A new plan for the redevelopment of Cooper Stadium, former home of the Columbus Clippers (Class AAA; International League), scraps any tie to auto racing and instead calls for the redevelopment of the grandstand as office space.
Cooper Stadium was home to Columbus’s professional baseball teams from 1932 through September 2008, when the Clippers played their last game at the ballpark. The Clippers moved into Huntington Park in 2009, leaving Cooper Stadium to sit empty until most of it was torn down in 2014 as part of redevelopment project led by Arshot Investment Corp.
Arshot’s original redevelopment plan called for converting the site into a racetrack that would utilize a preserved portion of the grandstand, part of a project that would include development such as an automotive research center and ancillary amenities like restaurants and a hotel. But those plans have been scaled back, with Arshot proposing 500 apartments at the southern edge of the former ballpark site and the development of what’s left of the grandstand as office space.

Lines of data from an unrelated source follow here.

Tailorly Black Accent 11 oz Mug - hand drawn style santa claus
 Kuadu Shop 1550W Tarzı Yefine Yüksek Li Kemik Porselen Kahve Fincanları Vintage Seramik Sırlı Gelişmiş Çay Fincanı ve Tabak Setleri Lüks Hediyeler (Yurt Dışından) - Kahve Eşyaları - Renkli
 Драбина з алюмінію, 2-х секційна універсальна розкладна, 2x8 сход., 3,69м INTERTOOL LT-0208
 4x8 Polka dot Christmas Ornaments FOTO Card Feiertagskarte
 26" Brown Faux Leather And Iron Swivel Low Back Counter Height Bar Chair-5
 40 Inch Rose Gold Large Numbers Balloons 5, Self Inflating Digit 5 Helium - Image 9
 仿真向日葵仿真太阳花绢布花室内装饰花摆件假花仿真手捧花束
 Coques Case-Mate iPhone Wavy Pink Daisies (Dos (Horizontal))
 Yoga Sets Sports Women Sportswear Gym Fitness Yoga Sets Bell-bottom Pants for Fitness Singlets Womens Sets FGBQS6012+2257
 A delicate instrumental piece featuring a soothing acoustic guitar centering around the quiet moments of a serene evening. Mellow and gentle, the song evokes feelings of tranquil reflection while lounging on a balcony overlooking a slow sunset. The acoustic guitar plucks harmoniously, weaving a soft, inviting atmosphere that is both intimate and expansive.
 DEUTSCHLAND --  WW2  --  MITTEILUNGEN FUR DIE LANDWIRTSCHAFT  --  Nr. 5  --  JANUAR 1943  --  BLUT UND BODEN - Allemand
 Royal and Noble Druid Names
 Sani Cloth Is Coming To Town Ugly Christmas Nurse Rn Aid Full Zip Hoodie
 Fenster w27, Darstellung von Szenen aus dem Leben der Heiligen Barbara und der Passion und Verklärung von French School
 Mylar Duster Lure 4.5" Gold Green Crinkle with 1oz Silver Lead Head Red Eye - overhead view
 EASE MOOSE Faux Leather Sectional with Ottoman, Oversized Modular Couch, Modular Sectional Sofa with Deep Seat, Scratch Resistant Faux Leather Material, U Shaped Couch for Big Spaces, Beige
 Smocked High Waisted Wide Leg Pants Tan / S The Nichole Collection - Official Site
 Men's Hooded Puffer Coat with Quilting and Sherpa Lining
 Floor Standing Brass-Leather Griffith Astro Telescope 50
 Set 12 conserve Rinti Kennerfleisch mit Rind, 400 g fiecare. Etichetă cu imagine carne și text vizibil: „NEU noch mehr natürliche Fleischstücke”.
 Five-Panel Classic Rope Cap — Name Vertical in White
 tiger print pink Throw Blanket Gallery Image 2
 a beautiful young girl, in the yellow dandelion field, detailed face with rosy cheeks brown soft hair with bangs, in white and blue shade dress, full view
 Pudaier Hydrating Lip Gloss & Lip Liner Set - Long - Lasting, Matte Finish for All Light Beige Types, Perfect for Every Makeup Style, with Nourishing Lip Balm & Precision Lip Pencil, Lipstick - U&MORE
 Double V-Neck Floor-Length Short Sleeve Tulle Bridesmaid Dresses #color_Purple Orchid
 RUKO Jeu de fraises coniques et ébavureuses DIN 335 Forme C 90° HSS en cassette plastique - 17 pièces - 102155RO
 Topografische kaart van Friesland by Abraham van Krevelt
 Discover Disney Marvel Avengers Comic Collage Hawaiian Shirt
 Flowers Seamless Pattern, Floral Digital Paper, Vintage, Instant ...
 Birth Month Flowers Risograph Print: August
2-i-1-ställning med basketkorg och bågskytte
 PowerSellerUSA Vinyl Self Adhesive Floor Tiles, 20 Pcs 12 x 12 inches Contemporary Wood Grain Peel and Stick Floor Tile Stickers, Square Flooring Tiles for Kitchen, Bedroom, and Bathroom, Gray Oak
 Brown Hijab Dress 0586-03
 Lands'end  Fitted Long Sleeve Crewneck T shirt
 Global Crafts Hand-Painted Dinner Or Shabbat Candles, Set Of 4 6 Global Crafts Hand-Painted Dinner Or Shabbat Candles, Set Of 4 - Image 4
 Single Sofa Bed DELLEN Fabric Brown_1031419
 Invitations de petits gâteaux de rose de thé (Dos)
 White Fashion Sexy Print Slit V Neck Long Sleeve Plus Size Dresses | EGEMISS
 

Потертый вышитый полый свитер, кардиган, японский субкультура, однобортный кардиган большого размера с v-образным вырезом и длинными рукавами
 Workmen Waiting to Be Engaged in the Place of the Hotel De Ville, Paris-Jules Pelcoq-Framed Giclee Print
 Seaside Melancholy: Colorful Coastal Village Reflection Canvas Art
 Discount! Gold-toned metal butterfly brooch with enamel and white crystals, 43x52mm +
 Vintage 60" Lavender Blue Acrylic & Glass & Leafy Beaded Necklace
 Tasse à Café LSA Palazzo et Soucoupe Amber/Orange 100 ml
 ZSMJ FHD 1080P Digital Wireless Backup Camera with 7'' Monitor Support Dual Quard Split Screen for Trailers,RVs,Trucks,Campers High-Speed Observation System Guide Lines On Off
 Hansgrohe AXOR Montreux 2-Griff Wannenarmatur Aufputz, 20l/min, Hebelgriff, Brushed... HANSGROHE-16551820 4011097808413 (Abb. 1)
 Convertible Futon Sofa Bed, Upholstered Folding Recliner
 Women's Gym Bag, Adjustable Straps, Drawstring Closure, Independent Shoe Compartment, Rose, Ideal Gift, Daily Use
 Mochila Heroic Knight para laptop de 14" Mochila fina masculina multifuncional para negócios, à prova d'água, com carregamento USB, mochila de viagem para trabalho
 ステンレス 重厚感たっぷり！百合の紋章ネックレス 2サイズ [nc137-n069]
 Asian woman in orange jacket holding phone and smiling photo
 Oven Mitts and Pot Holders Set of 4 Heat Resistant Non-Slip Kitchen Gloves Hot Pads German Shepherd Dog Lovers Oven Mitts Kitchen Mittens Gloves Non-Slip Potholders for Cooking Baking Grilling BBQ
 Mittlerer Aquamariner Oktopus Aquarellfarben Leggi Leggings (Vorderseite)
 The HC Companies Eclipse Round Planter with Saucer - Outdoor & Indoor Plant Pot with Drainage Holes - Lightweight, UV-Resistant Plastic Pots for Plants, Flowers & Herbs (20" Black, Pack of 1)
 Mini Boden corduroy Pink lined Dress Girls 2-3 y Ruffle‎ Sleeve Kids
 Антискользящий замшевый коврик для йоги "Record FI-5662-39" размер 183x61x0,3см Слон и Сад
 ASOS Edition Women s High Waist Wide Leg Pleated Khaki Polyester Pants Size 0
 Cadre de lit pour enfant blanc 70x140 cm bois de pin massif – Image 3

A full Cooper Stadium redevelopment plan has not been released to the public, however, though the city has been briefed, and there’s plenty up in the air, according to the Columbus Dispatch:
[Stefanie Coe of the Southwest Area Commission] said she was told that the apartments would not be low-income housing and that there could be free-standing offices, bars, restaurants, a dog park, and community space while developing a “creative sort of modern vibe.”
She said Arshot’s Bill Schottenstein told her that he doesn’t expect financing to be an issue….
On Tuesday, Heather Truesdell, the city’s code enforcement administrator, wrote in an email that although progress has been made in securing and cleaning up the site, issues remain. Those include cleaning up trash and debris in the southeast section of the parking lot, boarding and securing all metal doors and windows under the grandstand, and removing graffiti.
Redeveloping old ballparks is a challenge. There have been some successful redevelopments, such as the conversion of Indianapolis’s Bush Stadium to housing, but other attempts, such as Ernie Harwell’s crusade to preserve the original Tiger Stadium grandstand, came up short.
Cooper Stadium is currently included on our Endangered Ballparks list, as the stalled redevelopment plans and deteriorating state of the ballpark’s remains leave plenty of questions about its future.